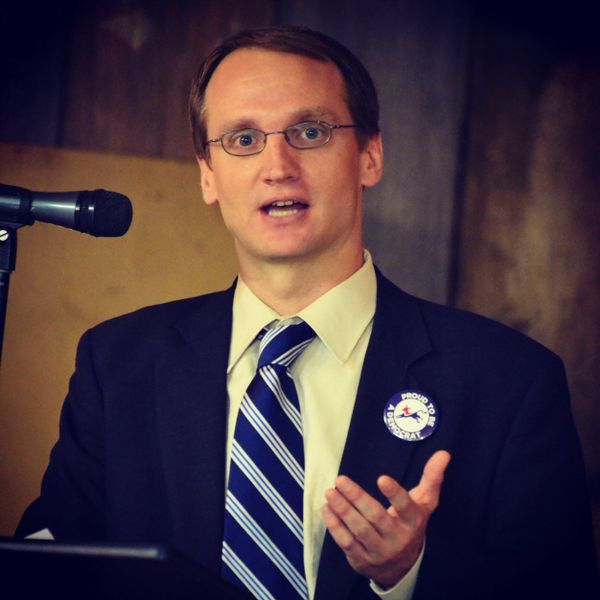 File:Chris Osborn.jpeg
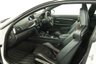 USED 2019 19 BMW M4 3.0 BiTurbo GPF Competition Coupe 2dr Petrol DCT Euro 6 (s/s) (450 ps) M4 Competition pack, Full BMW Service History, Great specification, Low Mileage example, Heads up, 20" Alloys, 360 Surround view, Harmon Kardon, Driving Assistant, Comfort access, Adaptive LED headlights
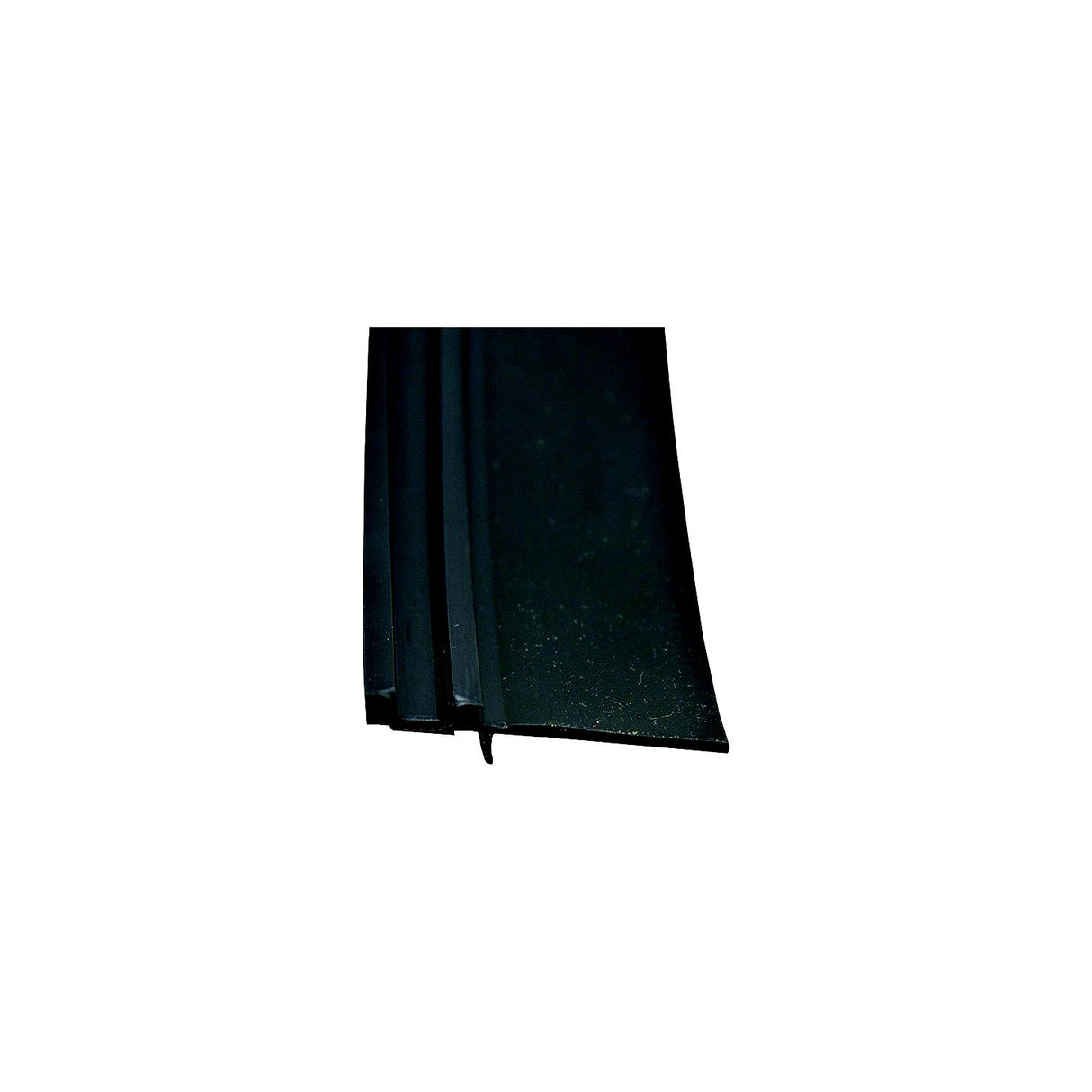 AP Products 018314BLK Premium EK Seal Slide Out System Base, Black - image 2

========================

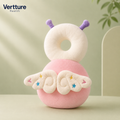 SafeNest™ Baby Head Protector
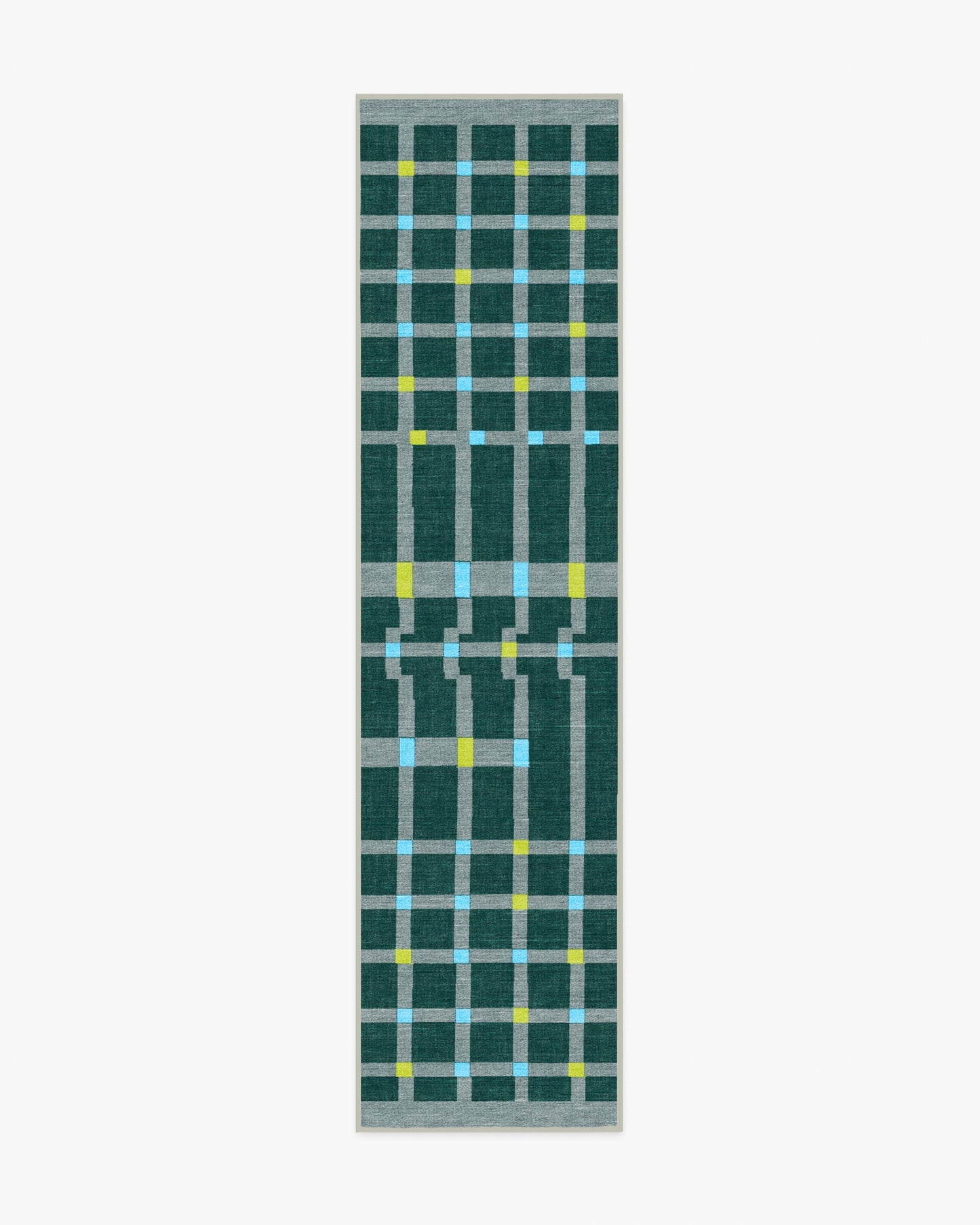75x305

========================

— Exercise —
Go down the entries above from the line containing "USED 2019 19" to the line containing "AP Products 018314BLK" and write out each line exactly, leaving pictures out.

— Reply to the exercise —
 USED 2019 19 BMW M4 3.0 BiTurbo GPF Competition Coupe 2dr Petrol DCT Euro 6 (s/s) (450 ps) M4 Competition pack, Full BMW Service History, Great specification, Low Mileage example, Heads up, 20" Alloys, 360 Surround view, Harmon Kardon, Driving Assistant, Comfort access, Adaptive LED headlights
 AP Products 018314BLK Premium EK Seal Slide Out System Base, Black - image 2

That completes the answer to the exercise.